New Fuel for the Genomic Privacy Debate
The growth of prominent genomics research and direct-to-consumer (DTC) commercial services that combine genomic data with phenotypic data, environmental data and personal health surveys continues to spur debate over the appropriate privacy safeguards and expectations for individuals who participate in such research or enroll in such services. From large-scale genomic research projects such as the Coriell Personalized Medicine Collaborative (pdf) and the UK BioBank to popular DTC genomics services such as those offered by Navigenics, many influential players in the public genomics space continue to strongly emphasize their commitment to absolute data privacy. Prominent skeptics, including geneticist George Church and lawyer and ethicist Hank Greely, argue that any such privacy promise is impossible to keep because of the inherent nature of such genomic data, particularly when paired with phenotypic data or other potentially personally identifying information.
Two recent developments may add further fuel to this debate. First, California recently issued a report on the first five months of results from a new state law (effective January 1, 2009) requiring health care organizations in California to report breaches in the security of personally identifiable health information. In publishing the report the California Department of Public Health was surprised at the high volume of reports and confirmed 116 privacy breaches during the five-month period, most of which were inadvertent. Given the early results, the agency expects the number of reported breaches to increase dramatically as organizations become more familiar with their reporting obligations.
Second, two Carnegie Mellon researchers recently published research that calls into question the commonly accepted practice of using social security numbers as a presumably anonymous identifier of user data sets. Previously, much of the concern surrounding this practice centered around ensuring that careless data security practices did not result in the misappropriation of social security numbers. But the Carnegie Mellon report identified a new concern: patterns in the assignment of social security numbers that permitted the researchers to use publicly available information to accurately predict the social security numbers of 8.5 percent of people born after 1988 in no more than 1000 guesses, a feat easily within the capability of many automated data intrusion programs.
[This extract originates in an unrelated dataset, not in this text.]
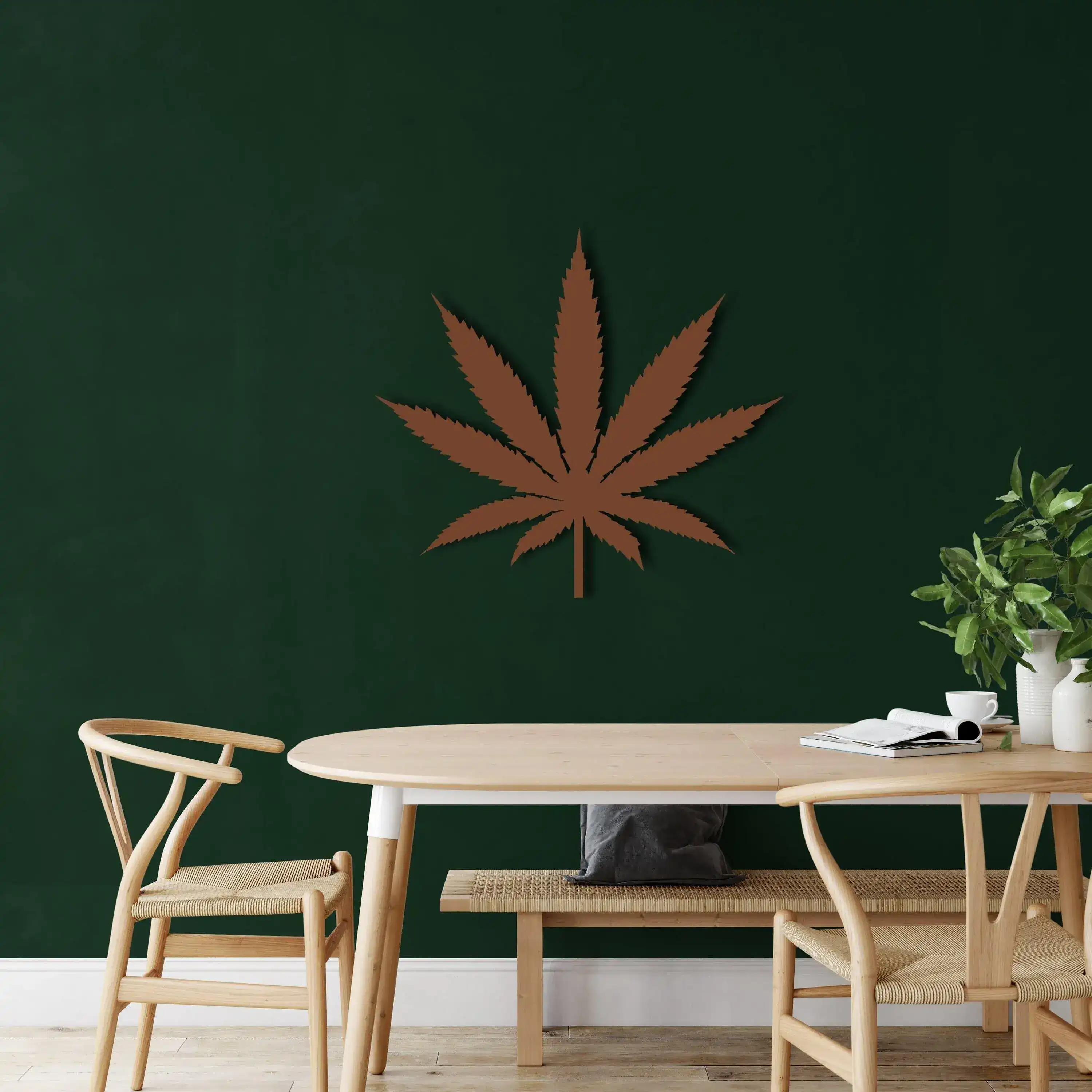 Cannabis Leaf Metal Wall Decor - Image 11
These recent developments illustrate the difficult and multi-faceted nature of preserving privacy in an increasingly wired world, in both genomics and in the much broader context of medical and other personal information. While the most common source of problems continues to be human error — the failure to carefully and systematically follow practices and procedures that promote security in handling data — there is an underlying and growing threat to data privacy that is dependent not on human error, but on the very nature of the data itself. In the case of human genomics, the declining cost of genomic sequencing and the rising demand for large-scale databases combining genomic and phenotypic information is driving a proliferation of potentially sensitive data. With at least 19 states providing specific penalties for genetic privacy violations, governments, academics and corporations alike would be well advised to take a critical look at their privacy policies to ensure that they can and do live up to their promises.